**What you need to do**
Of the records that follow, copy only the lines from the line containing "Ancient Greek Declension Chart" to the line containing "Germanium Ge", both included, exactly as written.

**Records from a collection**
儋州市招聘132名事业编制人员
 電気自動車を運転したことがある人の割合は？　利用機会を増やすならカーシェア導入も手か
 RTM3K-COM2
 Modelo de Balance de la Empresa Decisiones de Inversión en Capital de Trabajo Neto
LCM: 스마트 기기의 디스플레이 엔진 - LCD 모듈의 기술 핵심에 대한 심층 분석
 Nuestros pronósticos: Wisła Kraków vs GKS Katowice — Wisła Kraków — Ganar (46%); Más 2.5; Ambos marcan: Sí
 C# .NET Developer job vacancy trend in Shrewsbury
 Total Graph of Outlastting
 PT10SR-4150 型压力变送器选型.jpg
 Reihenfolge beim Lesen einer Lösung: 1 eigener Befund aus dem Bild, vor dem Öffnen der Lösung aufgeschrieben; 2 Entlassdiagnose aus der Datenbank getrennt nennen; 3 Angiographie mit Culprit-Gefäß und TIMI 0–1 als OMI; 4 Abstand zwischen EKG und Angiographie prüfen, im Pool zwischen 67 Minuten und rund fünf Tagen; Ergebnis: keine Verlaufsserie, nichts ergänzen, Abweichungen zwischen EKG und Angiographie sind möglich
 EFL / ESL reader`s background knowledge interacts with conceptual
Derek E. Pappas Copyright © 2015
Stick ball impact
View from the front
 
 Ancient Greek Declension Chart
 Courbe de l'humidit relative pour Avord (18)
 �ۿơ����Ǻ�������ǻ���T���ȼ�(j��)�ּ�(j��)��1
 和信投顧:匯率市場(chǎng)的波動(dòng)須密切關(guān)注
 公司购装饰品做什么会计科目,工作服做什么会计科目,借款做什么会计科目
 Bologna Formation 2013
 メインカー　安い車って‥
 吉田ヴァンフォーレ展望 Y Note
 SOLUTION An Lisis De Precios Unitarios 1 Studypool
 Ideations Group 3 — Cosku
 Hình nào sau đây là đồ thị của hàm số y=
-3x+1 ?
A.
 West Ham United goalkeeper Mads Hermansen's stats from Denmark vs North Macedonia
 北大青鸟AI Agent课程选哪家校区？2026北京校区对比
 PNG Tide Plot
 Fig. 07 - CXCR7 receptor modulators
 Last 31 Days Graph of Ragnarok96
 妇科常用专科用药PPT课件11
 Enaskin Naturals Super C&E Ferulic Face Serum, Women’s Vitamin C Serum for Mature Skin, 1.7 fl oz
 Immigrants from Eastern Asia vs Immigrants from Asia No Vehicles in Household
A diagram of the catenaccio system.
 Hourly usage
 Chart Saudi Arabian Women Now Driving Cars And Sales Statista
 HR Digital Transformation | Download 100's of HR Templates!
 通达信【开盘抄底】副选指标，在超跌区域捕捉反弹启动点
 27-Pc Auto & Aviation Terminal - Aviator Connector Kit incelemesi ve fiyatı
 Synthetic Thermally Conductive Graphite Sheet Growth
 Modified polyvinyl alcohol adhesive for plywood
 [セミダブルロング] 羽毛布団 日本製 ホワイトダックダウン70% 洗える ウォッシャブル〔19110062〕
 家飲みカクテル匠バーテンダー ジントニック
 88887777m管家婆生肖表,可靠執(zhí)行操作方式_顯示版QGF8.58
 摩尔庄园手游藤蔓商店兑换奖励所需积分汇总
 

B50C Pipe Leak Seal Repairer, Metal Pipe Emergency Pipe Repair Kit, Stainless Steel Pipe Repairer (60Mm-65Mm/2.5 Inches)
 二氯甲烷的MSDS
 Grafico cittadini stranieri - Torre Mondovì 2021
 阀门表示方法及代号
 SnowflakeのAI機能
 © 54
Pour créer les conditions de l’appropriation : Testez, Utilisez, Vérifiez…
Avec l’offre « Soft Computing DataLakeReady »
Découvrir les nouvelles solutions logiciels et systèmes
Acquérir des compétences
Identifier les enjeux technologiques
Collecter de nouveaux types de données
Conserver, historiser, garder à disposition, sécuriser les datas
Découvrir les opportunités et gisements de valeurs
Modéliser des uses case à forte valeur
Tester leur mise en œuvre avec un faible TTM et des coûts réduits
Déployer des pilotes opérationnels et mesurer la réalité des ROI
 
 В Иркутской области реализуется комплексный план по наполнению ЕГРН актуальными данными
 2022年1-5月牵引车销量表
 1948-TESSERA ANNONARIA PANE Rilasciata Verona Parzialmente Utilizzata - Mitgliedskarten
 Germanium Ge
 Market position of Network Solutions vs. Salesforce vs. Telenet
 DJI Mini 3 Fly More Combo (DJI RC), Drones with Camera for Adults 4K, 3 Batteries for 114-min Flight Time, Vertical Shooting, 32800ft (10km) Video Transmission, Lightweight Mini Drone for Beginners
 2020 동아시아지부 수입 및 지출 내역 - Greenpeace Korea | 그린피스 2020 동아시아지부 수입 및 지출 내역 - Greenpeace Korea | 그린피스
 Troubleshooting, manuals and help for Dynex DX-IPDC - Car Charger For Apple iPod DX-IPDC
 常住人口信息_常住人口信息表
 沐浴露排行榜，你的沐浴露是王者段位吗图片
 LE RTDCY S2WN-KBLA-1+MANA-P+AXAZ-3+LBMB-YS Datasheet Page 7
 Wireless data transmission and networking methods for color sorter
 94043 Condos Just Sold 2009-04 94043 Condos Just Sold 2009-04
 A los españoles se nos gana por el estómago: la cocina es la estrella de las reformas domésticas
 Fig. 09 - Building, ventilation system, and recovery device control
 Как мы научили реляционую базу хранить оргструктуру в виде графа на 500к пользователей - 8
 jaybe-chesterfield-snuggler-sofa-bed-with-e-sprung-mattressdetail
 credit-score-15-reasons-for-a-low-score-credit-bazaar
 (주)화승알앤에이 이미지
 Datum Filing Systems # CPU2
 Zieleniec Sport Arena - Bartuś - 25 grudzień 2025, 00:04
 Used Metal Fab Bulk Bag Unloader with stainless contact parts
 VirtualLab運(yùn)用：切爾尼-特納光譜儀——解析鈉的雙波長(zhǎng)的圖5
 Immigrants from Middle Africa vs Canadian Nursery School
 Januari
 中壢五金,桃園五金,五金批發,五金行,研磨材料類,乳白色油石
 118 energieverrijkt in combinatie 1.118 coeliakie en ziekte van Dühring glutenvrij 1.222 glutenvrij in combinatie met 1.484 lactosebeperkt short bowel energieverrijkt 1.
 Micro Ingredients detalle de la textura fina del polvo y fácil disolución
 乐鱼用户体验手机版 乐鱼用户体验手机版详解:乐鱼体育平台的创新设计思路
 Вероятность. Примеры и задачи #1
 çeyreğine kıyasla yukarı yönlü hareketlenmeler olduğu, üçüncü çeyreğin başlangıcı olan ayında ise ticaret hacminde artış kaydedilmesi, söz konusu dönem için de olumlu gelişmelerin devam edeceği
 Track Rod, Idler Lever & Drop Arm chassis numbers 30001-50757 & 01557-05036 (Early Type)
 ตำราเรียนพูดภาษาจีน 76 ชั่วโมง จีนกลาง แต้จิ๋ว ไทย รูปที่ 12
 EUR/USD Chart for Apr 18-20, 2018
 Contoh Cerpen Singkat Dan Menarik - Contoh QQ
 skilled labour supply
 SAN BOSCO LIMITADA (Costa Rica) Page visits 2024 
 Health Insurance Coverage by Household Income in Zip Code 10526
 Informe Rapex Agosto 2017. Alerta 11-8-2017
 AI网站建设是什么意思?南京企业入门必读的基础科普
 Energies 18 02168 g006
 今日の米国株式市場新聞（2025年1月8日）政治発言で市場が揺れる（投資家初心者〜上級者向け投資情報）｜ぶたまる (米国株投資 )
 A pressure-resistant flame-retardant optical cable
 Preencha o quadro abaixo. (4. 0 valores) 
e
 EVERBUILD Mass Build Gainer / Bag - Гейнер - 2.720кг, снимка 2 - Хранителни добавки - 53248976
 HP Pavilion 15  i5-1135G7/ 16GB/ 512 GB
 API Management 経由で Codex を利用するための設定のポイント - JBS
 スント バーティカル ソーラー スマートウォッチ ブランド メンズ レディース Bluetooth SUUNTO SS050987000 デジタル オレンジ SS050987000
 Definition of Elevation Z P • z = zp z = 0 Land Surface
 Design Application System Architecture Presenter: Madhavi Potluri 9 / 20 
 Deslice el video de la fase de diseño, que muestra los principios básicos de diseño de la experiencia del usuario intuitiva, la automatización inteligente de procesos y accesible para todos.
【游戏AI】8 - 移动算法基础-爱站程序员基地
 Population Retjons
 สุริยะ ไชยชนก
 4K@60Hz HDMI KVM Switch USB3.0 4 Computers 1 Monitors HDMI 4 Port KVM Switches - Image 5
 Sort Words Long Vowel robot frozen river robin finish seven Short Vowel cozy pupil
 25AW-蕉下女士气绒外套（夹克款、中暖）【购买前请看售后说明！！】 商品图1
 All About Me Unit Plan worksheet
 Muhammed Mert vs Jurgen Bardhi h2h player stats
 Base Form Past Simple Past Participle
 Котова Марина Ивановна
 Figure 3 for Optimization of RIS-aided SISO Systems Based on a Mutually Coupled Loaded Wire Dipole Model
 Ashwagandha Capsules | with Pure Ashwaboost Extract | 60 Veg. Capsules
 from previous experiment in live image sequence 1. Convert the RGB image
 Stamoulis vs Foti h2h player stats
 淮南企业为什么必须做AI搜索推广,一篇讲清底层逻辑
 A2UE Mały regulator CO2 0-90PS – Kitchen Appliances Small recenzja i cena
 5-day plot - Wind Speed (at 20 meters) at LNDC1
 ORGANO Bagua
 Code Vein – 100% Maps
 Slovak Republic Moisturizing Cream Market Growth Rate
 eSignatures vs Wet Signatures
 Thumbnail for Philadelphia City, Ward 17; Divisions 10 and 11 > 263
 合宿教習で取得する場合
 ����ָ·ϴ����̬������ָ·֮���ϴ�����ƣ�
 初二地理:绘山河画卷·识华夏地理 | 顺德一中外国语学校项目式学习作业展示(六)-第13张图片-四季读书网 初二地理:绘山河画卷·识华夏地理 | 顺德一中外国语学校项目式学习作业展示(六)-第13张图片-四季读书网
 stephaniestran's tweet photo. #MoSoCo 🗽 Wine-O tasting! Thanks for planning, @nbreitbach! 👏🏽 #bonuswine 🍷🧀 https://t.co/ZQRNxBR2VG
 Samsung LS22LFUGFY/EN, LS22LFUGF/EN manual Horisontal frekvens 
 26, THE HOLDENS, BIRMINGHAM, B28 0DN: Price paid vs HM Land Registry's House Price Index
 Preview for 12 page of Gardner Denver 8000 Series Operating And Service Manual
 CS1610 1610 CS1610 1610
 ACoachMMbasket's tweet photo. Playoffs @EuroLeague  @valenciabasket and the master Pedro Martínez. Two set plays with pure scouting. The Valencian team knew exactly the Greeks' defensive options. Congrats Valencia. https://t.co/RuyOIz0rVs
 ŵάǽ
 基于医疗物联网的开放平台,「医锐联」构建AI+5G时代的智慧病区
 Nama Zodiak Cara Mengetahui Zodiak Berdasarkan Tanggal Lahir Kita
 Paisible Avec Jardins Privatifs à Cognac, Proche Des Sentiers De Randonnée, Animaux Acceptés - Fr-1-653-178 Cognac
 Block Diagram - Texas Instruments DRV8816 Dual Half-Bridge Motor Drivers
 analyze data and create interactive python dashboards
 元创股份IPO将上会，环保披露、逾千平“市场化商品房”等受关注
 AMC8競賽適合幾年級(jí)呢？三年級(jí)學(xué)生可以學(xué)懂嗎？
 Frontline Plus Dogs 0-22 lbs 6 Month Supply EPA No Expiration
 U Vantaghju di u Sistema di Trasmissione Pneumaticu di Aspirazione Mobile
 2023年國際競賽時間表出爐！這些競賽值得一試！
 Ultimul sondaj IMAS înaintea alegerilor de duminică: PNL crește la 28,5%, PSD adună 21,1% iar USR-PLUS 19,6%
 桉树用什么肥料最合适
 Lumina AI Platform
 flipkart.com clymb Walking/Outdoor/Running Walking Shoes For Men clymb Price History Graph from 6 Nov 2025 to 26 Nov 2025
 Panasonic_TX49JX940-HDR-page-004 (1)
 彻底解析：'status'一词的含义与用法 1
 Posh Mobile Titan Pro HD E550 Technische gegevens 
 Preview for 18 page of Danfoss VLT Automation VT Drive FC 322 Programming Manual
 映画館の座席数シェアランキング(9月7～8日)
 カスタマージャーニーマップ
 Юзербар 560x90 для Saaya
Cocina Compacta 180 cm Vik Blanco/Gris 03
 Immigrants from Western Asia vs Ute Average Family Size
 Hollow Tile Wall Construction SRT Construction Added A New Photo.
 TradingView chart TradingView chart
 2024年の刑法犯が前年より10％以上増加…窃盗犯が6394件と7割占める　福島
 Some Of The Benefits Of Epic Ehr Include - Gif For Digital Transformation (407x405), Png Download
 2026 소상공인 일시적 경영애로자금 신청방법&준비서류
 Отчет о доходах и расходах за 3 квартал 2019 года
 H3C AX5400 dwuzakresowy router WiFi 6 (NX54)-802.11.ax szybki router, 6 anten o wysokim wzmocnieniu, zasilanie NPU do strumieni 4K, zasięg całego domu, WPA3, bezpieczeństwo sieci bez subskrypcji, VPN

**Response to the task**
 Ancient Greek Declension Chart
 Courbe de l'humidit relative pour Avord (18)
 �ۿơ����Ǻ�������ǻ���T���ȼ�(j��)�ּ�(j��)��1
 和信投顧:匯率市場(chǎng)的波動(dòng)須密切關(guān)注
 公司购装饰品做什么会计科目,工作服做什么会计科目,借款做什么会计科目
 Bologna Formation 2013
 メインカー　安い車って‥
 吉田ヴァンフォーレ展望 Y Note
 SOLUTION An Lisis De Precios Unitarios 1 Studypool
 Ideations Group 3 — Cosku
 Hình nào sau đây là đồ thị của hàm số y=
-3x+1 ?
A.
 West Ham United goalkeeper Mads Hermansen's stats from Denmark vs North Macedonia
 北大青鸟AI Agent课程选哪家校区？2026北京校区对比
 PNG Tide Plot
 Fig. 07 - CXCR7 receptor modulators
 Last 31 Days Graph of Ragnarok96
 妇科常用专科用药PPT课件11
 Enaskin Naturals Super C&E Ferulic Face Serum, Women’s Vitamin C Serum for Mature Skin, 1.7 fl oz
 Immigrants from Eastern Asia vs Immigrants from Asia No Vehicles in Household
A diagram of the catenaccio system.
 Hourly usage
 Chart Saudi Arabian Women Now Driving Cars And Sales Statista
 HR Digital Transformation | Download 100's of HR Templates!
 通达信【开盘抄底】副选指标，在超跌区域捕捉反弹启动点
 27-Pc Auto & Aviation Terminal - Aviator Connector Kit incelemesi ve fiyatı
 Synthetic Thermally Conductive Graphite Sheet Growth
 Modified polyvinyl alcohol adhesive for plywood
 [セミダブルロング] 羽毛布団 日本製 ホワイトダックダウン70% 洗える ウォッシャブル〔19110062〕
 家飲みカクテル匠バーテンダー ジントニック
 88887777m管家婆生肖表,可靠執(zhí)行操作方式_顯示版QGF8.58
 摩尔庄园手游藤蔓商店兑换奖励所需积分汇总
 

B50C Pipe Leak Seal Repairer, Metal Pipe Emergency Pipe Repair Kit, Stainless Steel Pipe Repairer (60Mm-65Mm/2.5 Inches)
 二氯甲烷的MSDS
 Grafico cittadini stranieri - Torre Mondovì 2021
 阀门表示方法及代号
 SnowflakeのAI機能
 © 54
Pour créer les conditions de l’appropriation : Testez, Utilisez, Vérifiez…
Avec l’offre « Soft Computing DataLakeReady »
Découvrir les nouvelles solutions logiciels et systèmes
Acquérir des compétences
Identifier les enjeux technologiques
Collecter de nouveaux types de données
Conserver, historiser, garder à disposition, sécuriser les datas
Découvrir les opportunités et gisements de valeurs
Modéliser des uses case à forte valeur
Tester leur mise en œuvre avec un faible TTM et des coûts réduits
Déployer des pilotes opérationnels et mesurer la réalité des ROI
 
 В Иркутской области реализуется комплексный план по наполнению ЕГРН актуальными данными
 2022年1-5月牵引车销量表
 1948-TESSERA ANNONARIA PANE Rilasciata Verona Parzialmente Utilizzata - Mitgliedskarten
 Germanium Ge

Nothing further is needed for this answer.